Together these phenomena—semantic organization, ambiguity, and one-to-one
structure—provide three cases in which equilibria that are predicted by theories of communication
at the pragmatic timescale are reflected in the structure of the lexicon at the language evolution
timescale. While this similarity across timescales does not entail causality, it is suggestive of a
causal relationship between the two timescales. Next, we turn to accounts at both the pragmatic
and language evolution timescale for our linguistic feature of interest: length.
Accounts of the length of linguistic elements
Language forms vary along many dimensions, but a salient dimension is length: words and
entire utterances can have dramatically different phonetic lengths. Researchers have studied this
variability at both the pragmatic timescale (utterances) and the language evolution timescale
(words). Our two hypotheses propose that variability at both timescales is related to the conceptual
complexity of meaning. Here, we review existing work at both timescales that attempts to account
for variability in language length. At the pragmatic timescale, three theories suggest that pragmatic
pressures influence the length of utterances: Zipfs theory of communication, Horn’s theory of
communication, and Information Theory. Hypothesis 1 falls directly out of both Horn’s theory of
communication and Information Theory. At the language evolution timescale, two bodies of work
account for word length by appealing to the predictability of the linguistic context and the
conceptual ‘markedness’ of meaning. While distinct from Hypothesis 2, both of these literatures
The length of words reflects their conceptual complexity 11
are consistent with the proposal that languages use longer words to encode conceptually more
complex meanings.
Zipf (1936) provided an early account of word length that appealed to a pragmatic pressure
to communicate efficiently. He argued that speakers are motivated to minimize their physical effort
and that this constraint could be optimally minimized by using shorter words for meanings that
were used to more frequently. This leads to the prediction that there should be an inverse
relationship between the length of a word and its frequency in usage—and, indeed, the empirical
data suggest a robust correlation between word length and word frequency.
Others, however, have proposed different pressures at the pragmatic timescale that might
influence the length of linguistic expressions. Both Horn’s theory of communication and
information theory predict that longer expressions should be associated with less predictable or
typical meanings than their shorter counter parts. Under Horn’s theory (1984), a speaker often has
the choice of using two different utterances to refer to the same meaning (in truth functional
terms), and often these utterances differ in length. Horn suggests that the sentences “Lee stopped
the car. and “Lee got the car to stop” have the same denotational meaning (the successful stopping
of a car), though they differ in length. The claim is that this asymmetry leads to an inference on the
part of the listener that the two differ in meaning.
The logic of this inference is identical to the lexical structure case above. The listener hears
a speaker use a more costly phrase to express a meaning that could have been expressed in a less
costly way. The listener thus infers that this other meaning could not be what the speaker intended
because this would violate the speaker’s principle to say no more than is necessary. Horn adds an
additional layer to this argument. He suggests that not only do these two forms differ in meaning,
but that they map onto meanings in a systematic way: The longer form gets mapped on to the more
unusual meaning, while the shorter form refers to the more usual meaning. Thus, in the above
example, the shorter utterance would refer to a simple, average case of car stopping, while longer
utterance might refer to case where something complex or unusual happened, perhaps because Lee
The length of words reflects their conceptual complexity 12
used the emergency brake.
The source of the particular mapping between forms of different lengths and meanings is
unclear.
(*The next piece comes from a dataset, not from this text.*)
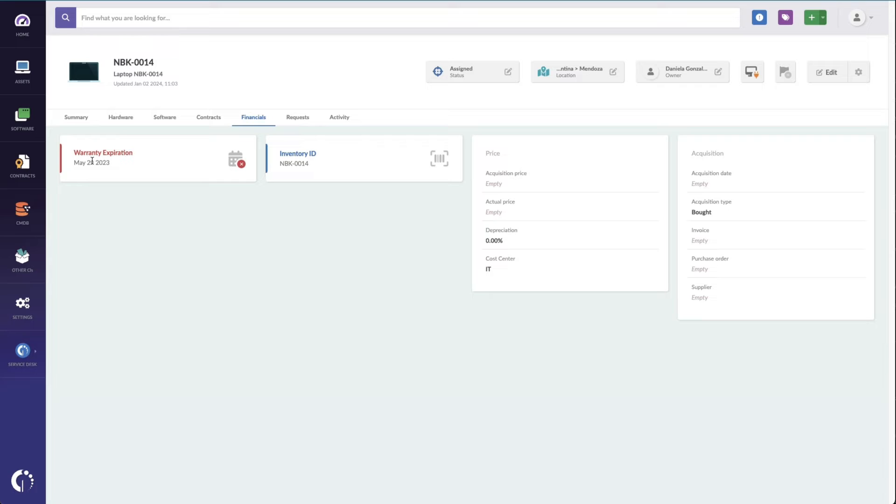So I would actually, at this point, as a desk side analyst, need to determine am I going to be performing these repairs or sending it out for warranty repair. In any case, I'm going to follow our standard operating procedure to check the warranty information before moving forward with the repair.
This is because in principle there are multiple equilibrium points in the mapping between
form and meaning. Assuming a one-to-one constraint on the mapping, there are two possible
equilibria: {short–simple, long–complex} or {short–complex, long–simple}. Both satisfy the
constraint that each form gets mapped to a unique meaning. So how do speakers arrive at the
{short–simple, long–complex} equilibrium? This is difficult to derive from models of pragmatic
reasoning. Bergen, Levy, and Goodman (under review) successfully derive this result as a
consequence of the fact that {short–simple, long–complex} is a more optimal mapping for the
speaker. Another possibility relies on iconicity: hearers have a cognitive bias to map more complex
sounding forms to meanings that are similarly complex.
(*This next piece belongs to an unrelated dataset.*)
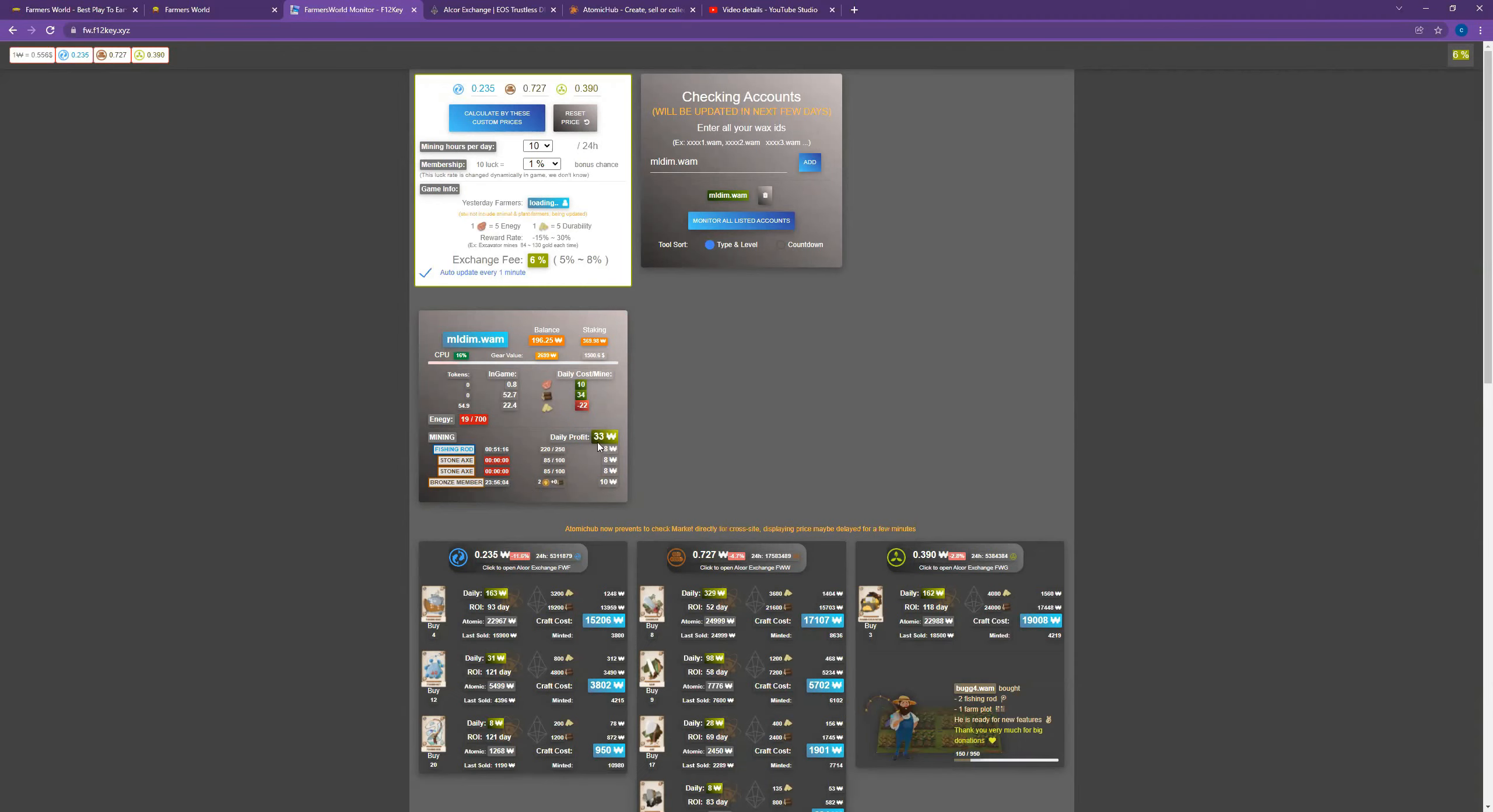But my daily profit right now is about 33 Wax, which is about $15 or so US dollars a day. So you can see it starts to add up as you get going.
Bergen, Goodman, and Levy (2012) provide a direct test of the length-complexity tradeoff
within a communication game. In their task, partners were told that they were in an alien world
with three objects and three possible utterances. In this experiment, the idea of complexity was
operationalized as frequency, such that participants were instructed that each of the three different
objects had three different base rate frequencies associated with them. The cost of the utterance
was manipulated directly (rather than through utterance length) by assigning different monetary
costs to each object. Participants’ task was to communicate about one of the objects using one of
the available utterances. If they successfully communicated, they received a reward. The results
suggest that both the speaker and hearer expected costlier forms to refer to less frequent meanings,
consistent with Horn’s predicted equilibrium between word length and meaning.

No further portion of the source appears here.